Prince of Goryeo
- Coronation: 1106 (as marquess) 1114 (as duke)
- Born: Wang Hyo 1093 Goryeo
- Died: 1161 (aged 69) Goryeo
- Burial: Uiryong Mountain
- Spouse: Lady Yi ​(m. 1115)​
- Issue: Wang Ham Duke Jeongui's wife

Posthumous name
- Jangpyeong (장평, 莊平; "Solemn and Peaceful")
- House: House of Wang
- Father: Sukjong of Goryeo
- Mother: Queen Myeongui of the Chŏngju Yu clan

Korean name
- Hangul: 왕효
- Hanja: 王侾
- RR: Wang Hyo
- MR: Wang Hyo

Royal title
- Hangul: 대원공, 대원후
- Hanja: 大原公, 大原侯
- RR: Daewongong, Daewonhu
- MR: Taewŏn'gong, Taewŏnhu

Courtesy name
- Hangul: 경천
- Hanja: 敬天
- RR: Gyeongcheon
- MR: Kyŏngch'ŏn

Posthumous name
- Hangul: 장평
- Hanja: 莊平
- RR: Jangpyeong
- MR: Changp'yŏng

= Duke Daewon =

Korean prince (1903–1161)

Duke Daewon or Marquess Daewon (1093–1161 (Note: In the Korean calendar (lunisolar), he died on 10th day of the 4th month of 1161.)), personal name Wang Hyo was a Goryeo Royal Prince as the fifth son of Sukjong of Goryeo and Queen Myeongui.

== Biography ==

In 1102, he firstly received his name, "Hyo" and was said to especially favored by his father which he said:

Prince of the Yeondeok Palace was intelligent and wise from birth, loyal and filial in nature, so now I give you the name "Hyo" under a secret order.
_{연덕궁(延德宮)의 왕자인 그대는 나면서부터 총명하고 슬기롭고 성품이 충성되고 효성스러우므로, 이제 밀명(密命)을 내려 효(侾)라는 이름을 지어주노라.}

Wang Hyo was then given silverware, silk, artillery, grain, and a saddled horse. The king also said:

Although I have many children, only this child(refer to Hyo) is filial. Since children are supposed to take filial piety as their foundation, they were named "Hyo" after adding filial piety next to "In".
_{자녀가 비록 많지만 이 아이만이 효자라오. 자식은 효를 근본으로 삼아야 하는 것이므로 사람 인(人)변에 효(孝)를 더한 글자로 이름을 지어준 것이오.}

After his father's death, the young prince Hyo lived with his mother in the Yeondeok Palace, which from there he was called as Young Prince of the Yeondeok Palace. He formally became a marquess on the 2nd months of 1106 along with received "2,000 sik-eup" (2천호 식읍) and "300 sik-sil" (3백호 식실). A year later, his brother moved to Seogyeong, ordered Yun Kwan and O Yeon-chong to conquered the Jurchens while Hyo stayed in the capital to protect the royal family and appointed as Geomgyotaebo in 1108. Then, in 1110, Hyo became Gwanghyogongsin Sutaewi and was given his mother's residence–Myeongbok Palace during her lifetime under the king's command in 1113. A year later, he became a duke and married the oldest daughter of Duke Yanggan on the 3rd months of 1115, also became a Taebo in 1122 by received silk, goldware, and horse through Choe Hong-jae.
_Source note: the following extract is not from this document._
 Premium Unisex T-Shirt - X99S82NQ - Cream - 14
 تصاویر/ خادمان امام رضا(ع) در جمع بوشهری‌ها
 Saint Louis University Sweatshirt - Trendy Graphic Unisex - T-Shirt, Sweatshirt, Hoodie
However, not long after Yi Cha-gyŏm came to the power, both Wang Hyo and Wang Bo were exiled to Gyeongsan-bu (now Seongju County, North Gyeongsang Province). In 1129, Wang Hyo was able to back to Gaegyeong and his nephew, King Injong made him held his former position again and gave him "3,500 sik-eup" (3천5백호 식읍) and "500 sik-sil" (5백호 식실), along with a new house, silk, goldware, and horse. Four years later, in 1133, his wife died. Later on, Wang Hyo died at the age of 69 in 1161 and his mortuary was built at Gwangje Temple. He was given a Posthumous name, Jangpyeong and cremated on the 28th days at the foot of a hill. His remains were placed in "Inhyobulwon" for a while until his funeral was held at the eastern foot of the Uiryong Mountain on the 11th months.